We all know Linux is faster than Windows, so I presume the Repeater Linux version is faster than the windows one.
What's more interesting is that I noticed the both of them have a connection limitation settings:
For windows, its max connection list is 20, while Linux can be [1...1000].
I'm wandering why there is such a limitation, so I conducted several strength tests.
Before the test, I have changed Ubuntu ulimit -n from 1024 to 20K and also the repeater max session value to 15K in the source code.
I wrote a demo program(A), acting as repeating, which average sending 45kbps to the Repeater, which is running on Ubuntu(Desktop 10.04).

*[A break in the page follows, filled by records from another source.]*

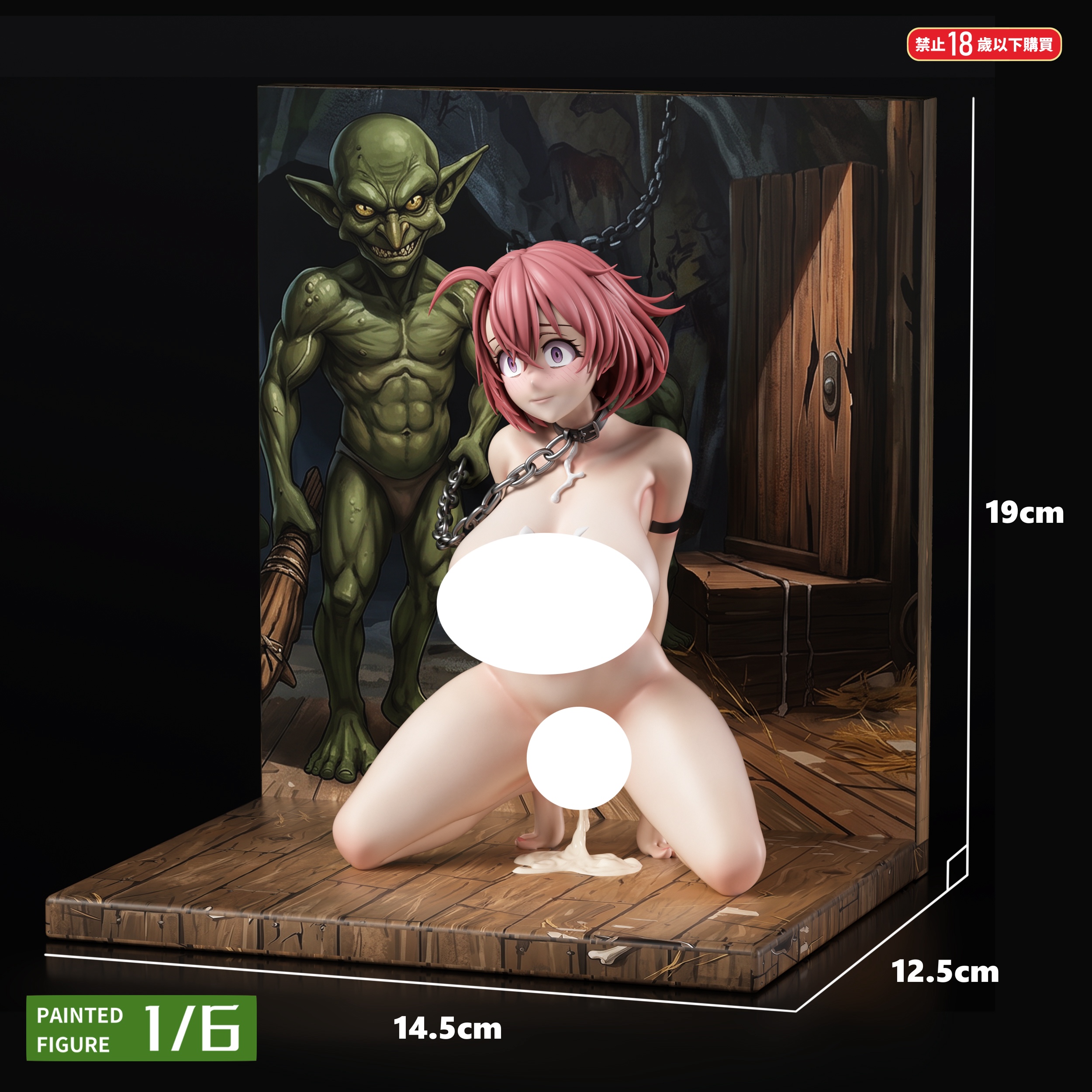 Fish Head Studio Cow Girl Goblin Slayer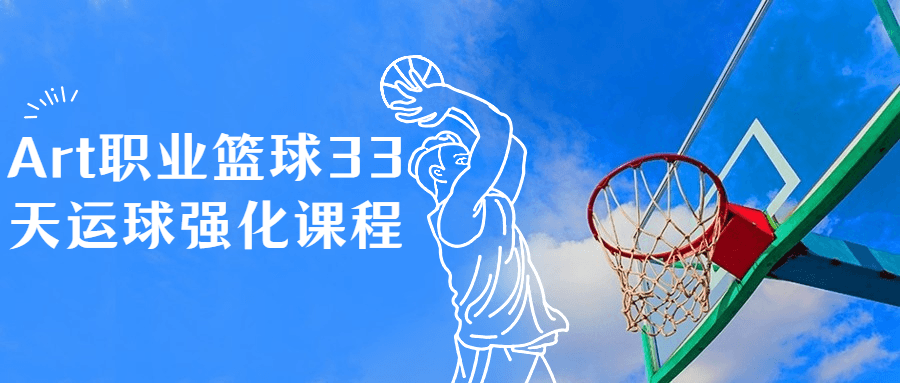 Art职业篮球33天运球强化课程-裕网云资源库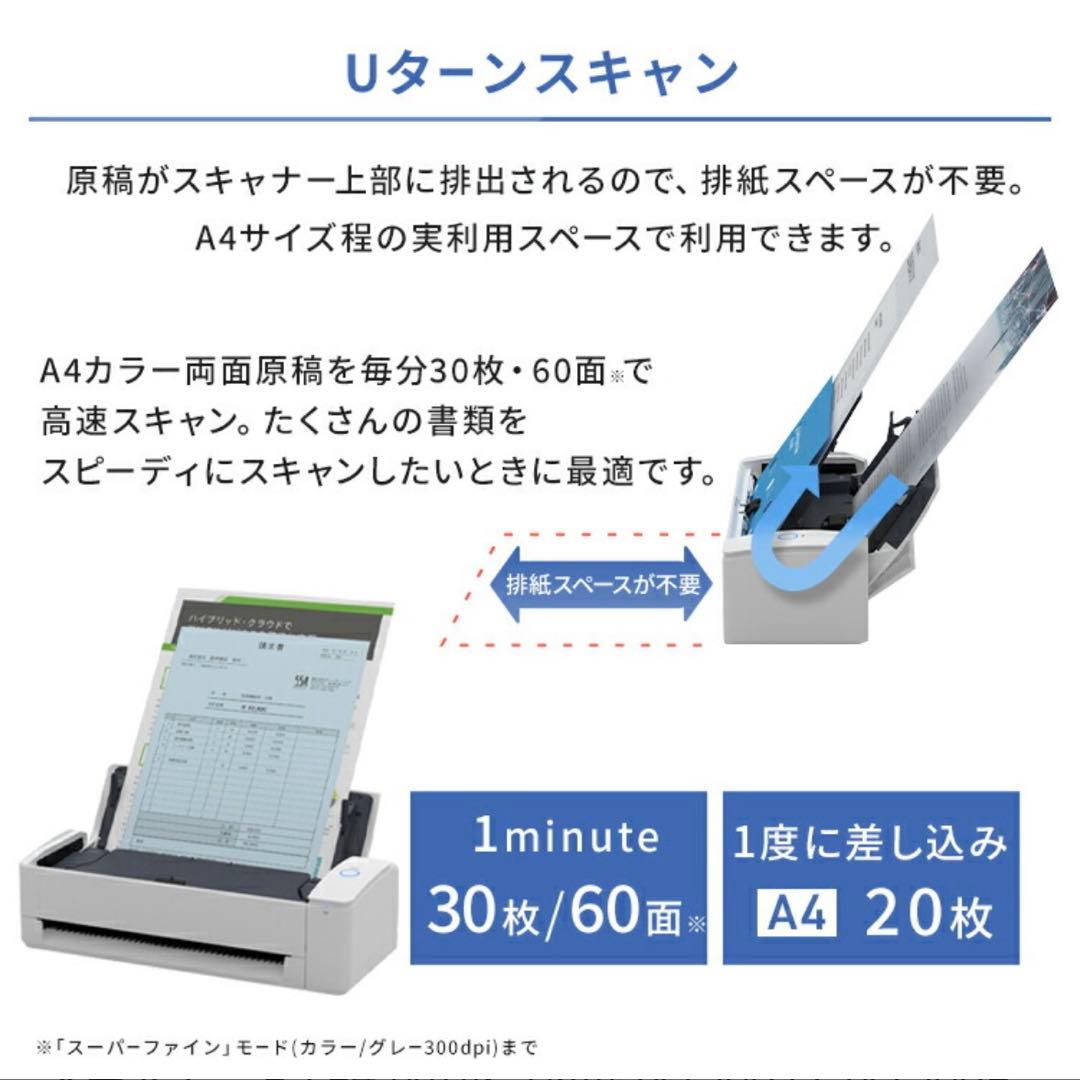 ScanSnap スキャナー　ix1300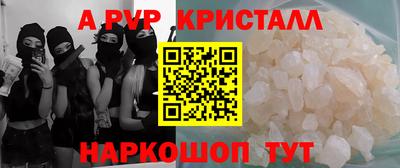 кокаин колумбия Канаш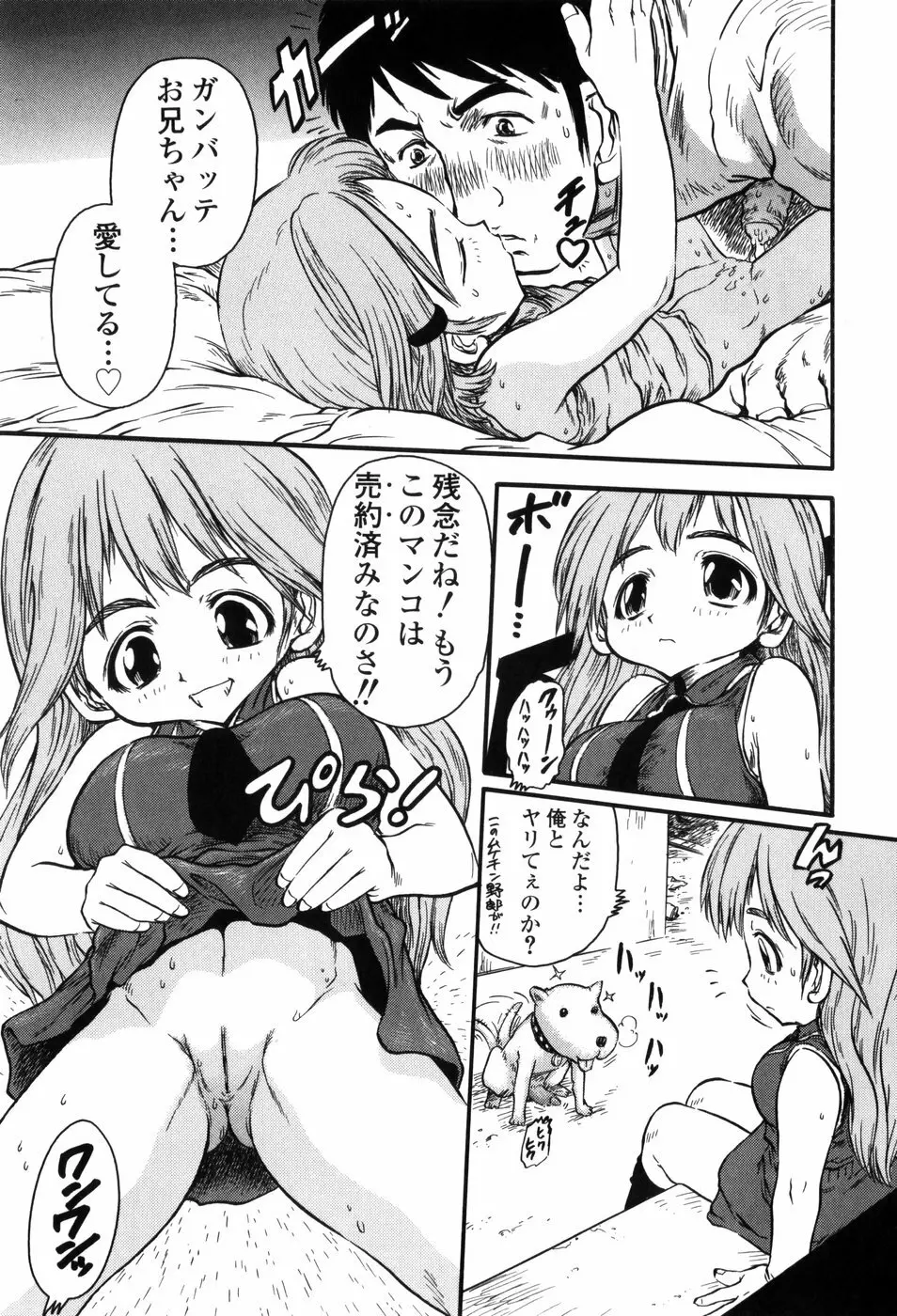 淫妹・攻略術 Page.85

There is also a simple program(B), acting as normal connections, in other words, just do the TCP hand-sharks.
Both A and B are based on socket connections.
Is there exist any bottle nack, somewhere in the Ubuntu OS, PC's hardware or the Repeater application?I running 20 A instance and keep creating new B instance at the same time.
As the time going, Repeater would stop when it receiving 3000 (range from 3000 to 3200 ) connections from B.
The totle network bandwidth is 0.8Mbps.
Another group test details: average sending 16kbps, the totle network bandwidth 0.3Mbps. Repeater still stop at 3127.
The CPU usage is around 14% to 50% and I still have extra memory.